So you would need to ask the question, what happens if the root cost analysis is wrong?
And then from this perspective, maybe trying to map this stuff to known architecture practices, we can even name Or we can even mention that AI, it's one of good practices.
AI can work in a separate bounded context with respective anti-corruption layer and with all this respective.
We can, of course, deep dive in these details, but with some kind of isolation and some kind of layer which will protect your domain from this probabilism and this, let's say, bad side of AI stuff.
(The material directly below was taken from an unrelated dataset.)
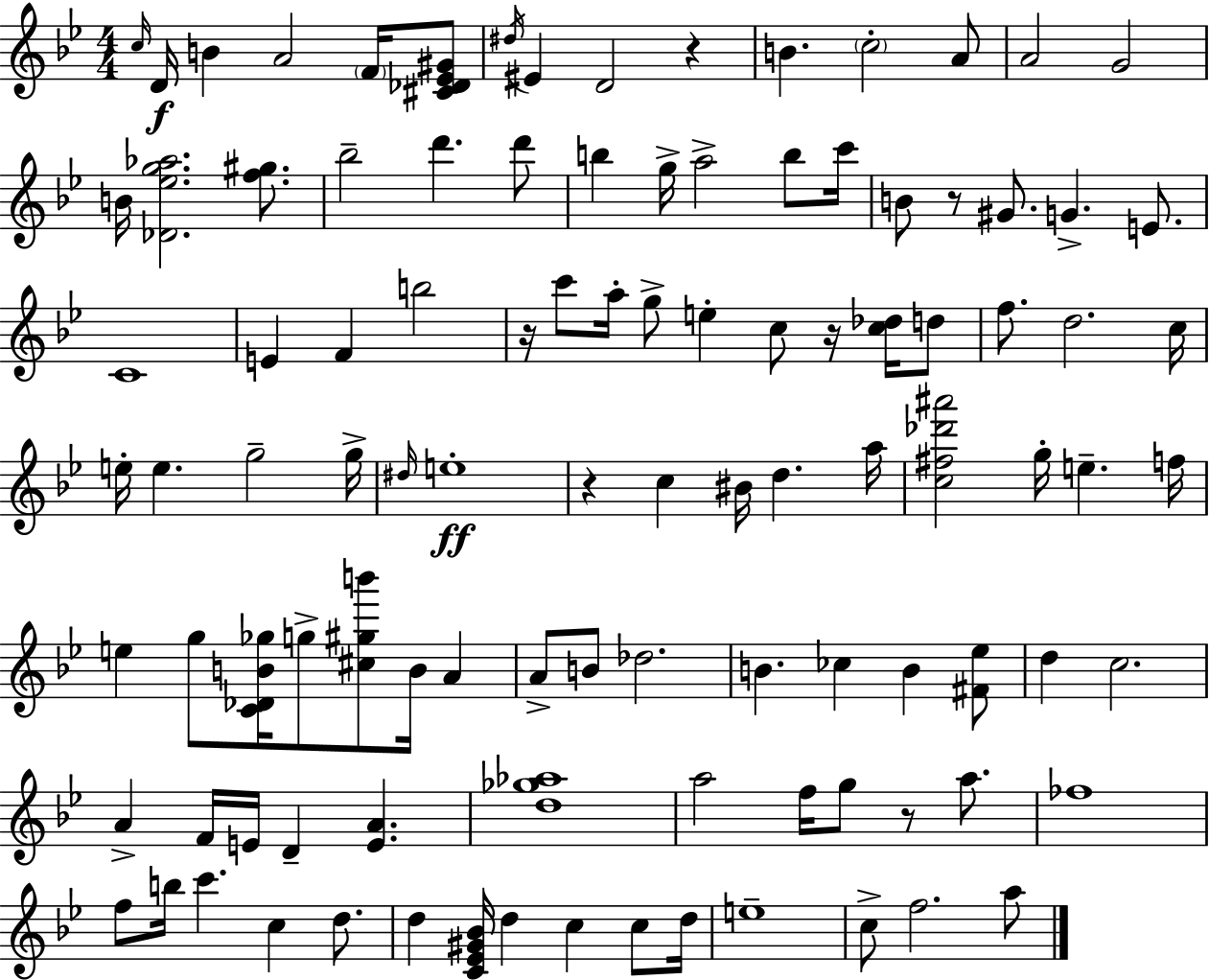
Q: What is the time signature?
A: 4/4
And it reminds me of the discussion that we had, I think, like 14 days ago with your colleague Michael Stahl, Professor Michael Stahl.
And he was also working at Siemens and we were talking about the architecture analysis tool that he built.
And he also mentioned that you have to be aware of that whatever that system spits out concerning the architecture, it analyzed.
that you have to be aware of the hallucinations and that you must sort of double check it and these kinds of things.
So it seems to be the same, sort of the same thing in a different area of application for LLMS.
Definitely, because at the end of the day, AI is just, we can think about all AI stuff just as an additional block with inputs and outputs with some kind of peculiarities which we should consider.
with building contracts and interfaces around this specific block.
Okay.
And you already mentioned Generative AI, GenAI.
So how are LLMs different from GenAI?
And how do you use them in industrial applications?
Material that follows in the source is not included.